[PROMPT]
Type again, exactly, the lines below from the start through the line that includes "Waffles with berry".

* * * *

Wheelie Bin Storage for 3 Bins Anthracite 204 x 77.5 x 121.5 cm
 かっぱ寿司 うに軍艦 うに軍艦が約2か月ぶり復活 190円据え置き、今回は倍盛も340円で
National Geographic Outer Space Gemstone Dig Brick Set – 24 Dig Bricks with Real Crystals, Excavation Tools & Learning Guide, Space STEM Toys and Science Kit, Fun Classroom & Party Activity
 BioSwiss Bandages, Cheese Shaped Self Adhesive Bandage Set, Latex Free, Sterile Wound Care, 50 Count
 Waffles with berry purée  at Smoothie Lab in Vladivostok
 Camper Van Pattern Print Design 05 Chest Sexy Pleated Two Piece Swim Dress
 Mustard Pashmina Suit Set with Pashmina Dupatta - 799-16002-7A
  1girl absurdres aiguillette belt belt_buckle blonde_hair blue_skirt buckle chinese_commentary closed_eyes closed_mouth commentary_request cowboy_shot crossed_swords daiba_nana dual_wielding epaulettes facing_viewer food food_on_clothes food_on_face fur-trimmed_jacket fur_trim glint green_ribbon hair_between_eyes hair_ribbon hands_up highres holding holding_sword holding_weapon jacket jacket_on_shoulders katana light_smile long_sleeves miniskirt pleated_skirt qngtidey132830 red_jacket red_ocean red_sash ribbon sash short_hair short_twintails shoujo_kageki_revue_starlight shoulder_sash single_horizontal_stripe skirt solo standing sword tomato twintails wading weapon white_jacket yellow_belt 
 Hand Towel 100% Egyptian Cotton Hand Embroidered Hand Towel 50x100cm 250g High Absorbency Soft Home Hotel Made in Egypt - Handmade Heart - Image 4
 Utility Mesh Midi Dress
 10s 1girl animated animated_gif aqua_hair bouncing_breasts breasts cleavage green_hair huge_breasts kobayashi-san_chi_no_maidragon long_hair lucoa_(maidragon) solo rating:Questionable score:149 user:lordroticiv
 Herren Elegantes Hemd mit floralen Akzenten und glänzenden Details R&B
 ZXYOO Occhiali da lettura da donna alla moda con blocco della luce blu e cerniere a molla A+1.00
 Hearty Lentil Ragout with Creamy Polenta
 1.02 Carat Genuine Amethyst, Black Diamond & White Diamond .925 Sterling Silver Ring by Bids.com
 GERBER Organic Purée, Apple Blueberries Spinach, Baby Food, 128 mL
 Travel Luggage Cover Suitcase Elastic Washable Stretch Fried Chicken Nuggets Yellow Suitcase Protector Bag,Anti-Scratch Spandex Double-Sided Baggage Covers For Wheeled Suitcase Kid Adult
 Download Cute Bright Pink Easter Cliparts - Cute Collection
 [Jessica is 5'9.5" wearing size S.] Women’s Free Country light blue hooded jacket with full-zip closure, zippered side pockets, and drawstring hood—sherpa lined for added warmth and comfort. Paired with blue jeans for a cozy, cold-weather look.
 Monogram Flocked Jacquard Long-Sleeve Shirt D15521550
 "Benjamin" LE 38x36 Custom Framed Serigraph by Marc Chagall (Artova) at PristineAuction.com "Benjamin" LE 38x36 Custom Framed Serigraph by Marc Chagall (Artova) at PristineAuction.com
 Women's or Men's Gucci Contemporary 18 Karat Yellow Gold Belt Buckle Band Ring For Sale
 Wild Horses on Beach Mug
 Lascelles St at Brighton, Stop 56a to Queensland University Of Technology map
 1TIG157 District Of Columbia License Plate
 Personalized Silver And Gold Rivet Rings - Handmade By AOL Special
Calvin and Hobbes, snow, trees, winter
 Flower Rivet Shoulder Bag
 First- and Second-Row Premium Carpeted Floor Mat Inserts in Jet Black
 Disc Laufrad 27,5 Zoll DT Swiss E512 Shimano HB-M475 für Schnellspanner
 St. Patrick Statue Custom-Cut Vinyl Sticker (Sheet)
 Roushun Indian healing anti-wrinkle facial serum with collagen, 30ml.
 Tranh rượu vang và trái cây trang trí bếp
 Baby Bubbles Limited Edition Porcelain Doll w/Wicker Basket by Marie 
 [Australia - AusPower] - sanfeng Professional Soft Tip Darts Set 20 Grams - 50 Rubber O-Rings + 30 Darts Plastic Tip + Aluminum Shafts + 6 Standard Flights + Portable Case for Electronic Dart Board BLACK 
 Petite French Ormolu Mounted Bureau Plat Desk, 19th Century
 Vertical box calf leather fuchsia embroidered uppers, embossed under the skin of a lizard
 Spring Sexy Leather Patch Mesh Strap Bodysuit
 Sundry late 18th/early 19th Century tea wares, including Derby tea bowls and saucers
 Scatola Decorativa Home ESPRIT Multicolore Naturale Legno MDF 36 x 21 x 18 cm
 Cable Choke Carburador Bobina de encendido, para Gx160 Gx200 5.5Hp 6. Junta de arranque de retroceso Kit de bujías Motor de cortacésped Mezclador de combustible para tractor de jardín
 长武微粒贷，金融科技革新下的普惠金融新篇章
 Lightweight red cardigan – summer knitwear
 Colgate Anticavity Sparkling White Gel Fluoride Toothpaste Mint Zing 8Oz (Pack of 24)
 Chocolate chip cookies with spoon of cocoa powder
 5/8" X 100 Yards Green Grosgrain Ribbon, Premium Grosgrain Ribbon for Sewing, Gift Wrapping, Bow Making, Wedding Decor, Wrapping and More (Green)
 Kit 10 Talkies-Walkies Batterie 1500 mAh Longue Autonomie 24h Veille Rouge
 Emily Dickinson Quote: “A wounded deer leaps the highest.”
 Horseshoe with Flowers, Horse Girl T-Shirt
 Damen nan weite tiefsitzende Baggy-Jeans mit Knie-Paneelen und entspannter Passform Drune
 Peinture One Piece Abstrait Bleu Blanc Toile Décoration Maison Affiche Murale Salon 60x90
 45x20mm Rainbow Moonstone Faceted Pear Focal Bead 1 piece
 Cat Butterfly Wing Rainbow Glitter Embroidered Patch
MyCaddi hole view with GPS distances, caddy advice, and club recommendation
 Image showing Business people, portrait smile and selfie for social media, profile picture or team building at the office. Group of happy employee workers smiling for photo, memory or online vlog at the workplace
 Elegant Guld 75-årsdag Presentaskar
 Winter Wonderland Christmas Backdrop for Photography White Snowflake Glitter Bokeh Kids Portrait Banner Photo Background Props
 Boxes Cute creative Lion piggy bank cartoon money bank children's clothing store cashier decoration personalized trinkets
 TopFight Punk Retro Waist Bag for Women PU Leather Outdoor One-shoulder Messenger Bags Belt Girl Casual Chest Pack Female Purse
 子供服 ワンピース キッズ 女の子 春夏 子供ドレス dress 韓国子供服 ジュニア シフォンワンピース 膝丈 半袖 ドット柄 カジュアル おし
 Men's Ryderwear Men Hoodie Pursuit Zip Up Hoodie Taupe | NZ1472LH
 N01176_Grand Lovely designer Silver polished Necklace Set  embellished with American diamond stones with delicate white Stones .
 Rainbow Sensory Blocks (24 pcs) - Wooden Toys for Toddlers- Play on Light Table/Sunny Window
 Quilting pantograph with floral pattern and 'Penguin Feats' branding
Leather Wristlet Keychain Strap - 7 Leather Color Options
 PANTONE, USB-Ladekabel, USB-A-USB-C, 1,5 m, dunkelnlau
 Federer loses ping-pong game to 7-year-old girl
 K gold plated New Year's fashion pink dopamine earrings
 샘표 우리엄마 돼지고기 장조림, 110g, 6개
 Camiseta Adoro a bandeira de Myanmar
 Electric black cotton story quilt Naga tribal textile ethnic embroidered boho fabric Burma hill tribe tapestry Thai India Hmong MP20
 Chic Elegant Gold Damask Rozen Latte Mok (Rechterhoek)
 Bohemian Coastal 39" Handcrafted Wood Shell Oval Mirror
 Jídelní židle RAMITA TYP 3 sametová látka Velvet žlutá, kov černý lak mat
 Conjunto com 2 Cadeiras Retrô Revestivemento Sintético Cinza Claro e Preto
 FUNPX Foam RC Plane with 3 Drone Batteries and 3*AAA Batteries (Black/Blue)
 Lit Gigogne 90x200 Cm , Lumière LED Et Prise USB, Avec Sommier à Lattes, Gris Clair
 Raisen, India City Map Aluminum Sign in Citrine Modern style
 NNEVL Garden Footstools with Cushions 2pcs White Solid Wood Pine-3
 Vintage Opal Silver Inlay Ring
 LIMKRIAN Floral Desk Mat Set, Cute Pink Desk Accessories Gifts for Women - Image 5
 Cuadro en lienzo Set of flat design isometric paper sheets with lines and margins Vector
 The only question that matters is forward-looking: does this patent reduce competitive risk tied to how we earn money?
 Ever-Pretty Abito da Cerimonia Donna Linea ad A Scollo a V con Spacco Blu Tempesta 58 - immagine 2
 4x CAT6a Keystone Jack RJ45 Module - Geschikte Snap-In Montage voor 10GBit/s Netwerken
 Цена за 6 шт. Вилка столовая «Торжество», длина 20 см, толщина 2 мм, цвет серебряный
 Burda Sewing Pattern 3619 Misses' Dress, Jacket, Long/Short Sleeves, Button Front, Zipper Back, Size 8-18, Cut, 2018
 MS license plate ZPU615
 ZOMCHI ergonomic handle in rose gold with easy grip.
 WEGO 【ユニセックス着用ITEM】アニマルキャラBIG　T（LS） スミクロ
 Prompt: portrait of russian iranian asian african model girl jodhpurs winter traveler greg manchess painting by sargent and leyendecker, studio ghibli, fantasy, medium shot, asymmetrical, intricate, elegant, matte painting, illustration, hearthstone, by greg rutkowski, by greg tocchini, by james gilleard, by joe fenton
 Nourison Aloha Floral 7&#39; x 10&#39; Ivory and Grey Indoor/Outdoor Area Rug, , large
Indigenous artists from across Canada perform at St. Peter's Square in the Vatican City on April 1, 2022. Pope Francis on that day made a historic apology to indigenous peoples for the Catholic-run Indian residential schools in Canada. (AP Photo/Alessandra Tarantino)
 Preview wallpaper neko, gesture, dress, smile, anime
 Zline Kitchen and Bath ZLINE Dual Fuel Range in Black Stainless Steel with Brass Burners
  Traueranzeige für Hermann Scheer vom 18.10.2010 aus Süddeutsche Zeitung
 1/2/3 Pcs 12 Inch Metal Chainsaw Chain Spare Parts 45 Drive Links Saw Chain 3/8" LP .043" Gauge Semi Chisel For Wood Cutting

* * * *

[RESULT OF THIS TASK]
Wheelie Bin Storage for 3 Bins Anthracite 204 x 77.5 x 121.5 cm
 かっぱ寿司 うに軍艦 うに軍艦が約2か月ぶり復活 190円据え置き、今回は倍盛も340円で
National Geographic Outer Space Gemstone Dig Brick Set – 24 Dig Bricks with Real Crystals, Excavation Tools & Learning Guide, Space STEM Toys and Science Kit, Fun Classroom & Party Activity
 BioSwiss Bandages, Cheese Shaped Self Adhesive Bandage Set, Latex Free, Sterile Wound Care, 50 Count
 Waffles with berry purée  at Smoothie Lab in Vladivostok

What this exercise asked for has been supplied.